Ethier's not an elite hitter like teammate Matt Kemp, but Andre puts good wood on the ball, managing a career triple-slash line of .291/.363/.481. That's a good average, a solid OBP, and a pretty fine slugging percentage. Not too shabby. He's in the middle of what looks to be shaping up to be his finest season to date, already having accumulated ten homers and 53 RBI in less than half a season. And though he's not an elite runner or fielder, I think that the way his bat plays in Los Angeles has us all agreeing that...
The Los Angeles Dodgers just made a huge mistake in signing Andre Ethier to a 5-year, $85 million dollar extension.
You know who else can play right field for the Dodgers, other than Andre Ethier? Basically anyone on an MLB roster. Right field is one of the easier positions to play in terms of talent level, and teams can find literally dozens of players on their major and minor league rosters who can fill the position. Do you have a third baseman who looks a step slow? Put him in right field. Do you have a first baseman who has some athleticism? Put him in right field.
So there's no real demand for the position the same way there is for catchers, or center fielders, or shortstops. Players who play in right are judged by their bats, and Ethier is no exception. I'll let you in on a secret, though ... no lie, he's actually a pretty great hitter. His career wRC+ is 130, meaning that he's about 30% better than the league average offensively, after adjusting for league and park. But the bat isn't the only thing that goes into a player's value, and Ethier has a history of losing value thanks to a not-too-impressive glove. Andre averages about 2-3 Wins Above Replacement (WAR) per season, which shows up as about good enough to be a league-average starter. That's not terrible, but it's hardly worth a contract as lucrative as the one he just signed.

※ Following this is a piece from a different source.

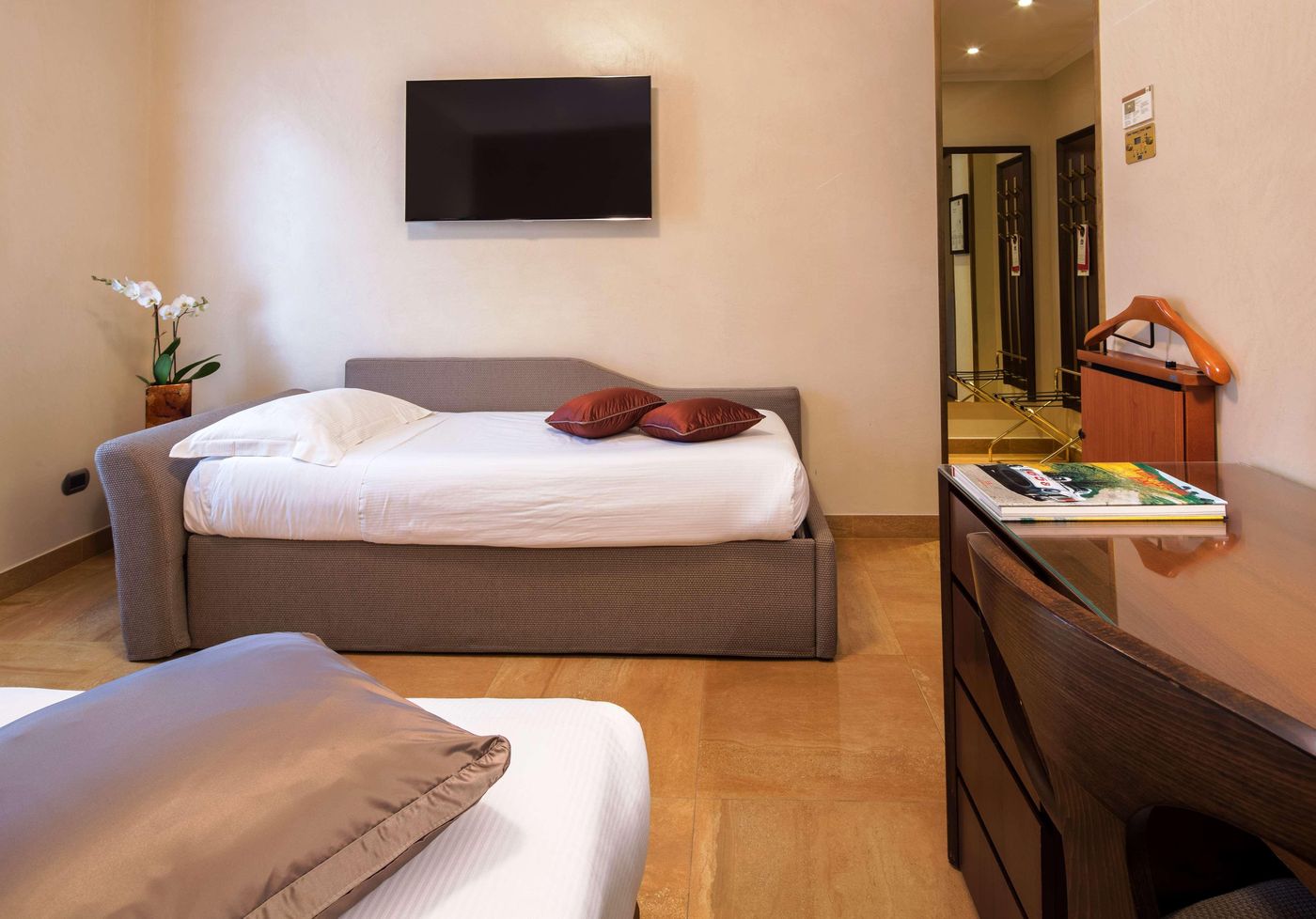 Best-Western-Plus-Hotel-Galles-Room-36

For fun, let's look briefly, at the last outfielder to sign a contract valued at $17 million annually. This one was an eight-year deal, inked by Alfonso Soriano of the Chicago Cubs. In the first five years of his deal, which should arguably be the BEST years of a long-term deal, Soriano has managed 15.5 wins above replacement (WAR) according to FanGraphs. That's about three wins a season. This is also a player who (a) has managed 500 PA or more in all five seasons (b) used to have tremendous defensive stats and (c) had a history of stacking bigger numbers of counting stats than Ethier ever accumulated. Soriano even managed to amass seven of those WAR in the first year of his deal, something that Ethier is highly unlikely to ever accomplish. I'm not sure anyone has ever considered Ethier on the same level of performance as Soriano as a ballplayer during their primes, though to be fair, their bats play similarly enough, with Ethier scoring a bit higher for his career than Soriano.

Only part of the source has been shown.